These apps may not seem like much of a threat as long as they stay in their lane — but increasingly, ride-sharing companies are pushing the limits of how their apps can be used for payments.
This listicle is compiled from reporting by PaymentsSource writers including John Adams, Kate Fitzgerald and David Heun. Click the links in each item to read more.
Uber hints at big plans for digital money
An e-money license would enable Uber to build a Venmo-style experience to allow riders to split expenses. Becoming a global P2P player will also likely require more regulatory approvals than the one it seeks in the Netherlands.
"Implementing a new business model implies new capabilities for the consumer, which will almost certainly need to use the account for more than a simple payment, so new platform capabilities will be required," said Tim Sloane, vice president of payments innovation and director of the emerging technologies advisory service at Mercator Advisory Group. "To support this, new disclosures and consents must be introduced and managed with consumers."
Uber will also have to deal with fresh issues of enrollment.
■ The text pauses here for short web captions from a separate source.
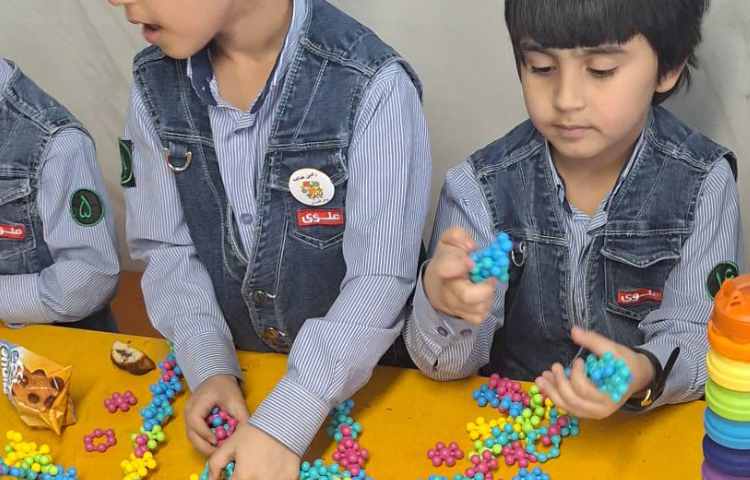 بازی زنگ تفریح، توپ بازی و ساخت لگو 2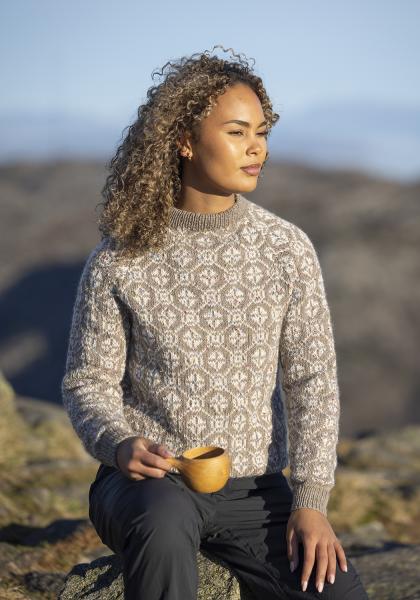 "Solglød" Genser - Viking Design 2524-7B Kit - XS-XXL - Viking Eco Highland Wool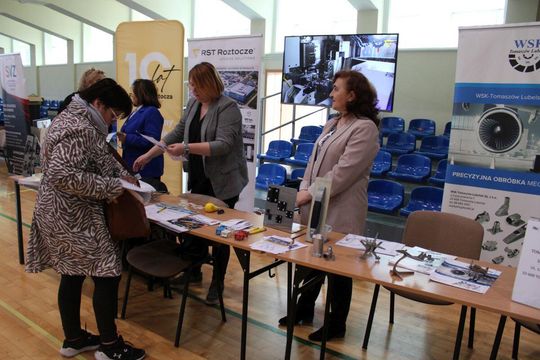 Tomaszowskie Targi Pracy cieszyły się dużym zainteresowaniem [ZDJĘCIA]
The end user agreements it has in place for passengers are likely insufficient for operating a digital wallet, Sloane said.
"If Uber wants to be a P2P enabler in the U.S. it would fall under the prepaid rules of the CFPB, which would require significant consumer consent prior to receiving funds," he said.
Uber certainly has the scale it needs to build a payments platform. Uber recently passed the 75 million rider mark and provides 15 million rides per day globally, with the average rider spending $50 per month on the ride sharing app. In the U.S., it has a 77% share of the ride sharing market, and by some counts has taken a quarter of the market away from New York's yellow and green cabs.
"When considering the many companies that stockpile 'cards on file,' Uber is likely in the top 20," Sloane said. "Braintree and others have tried to utilize the stockpile to create new business and revenue streams, so why not Uber?"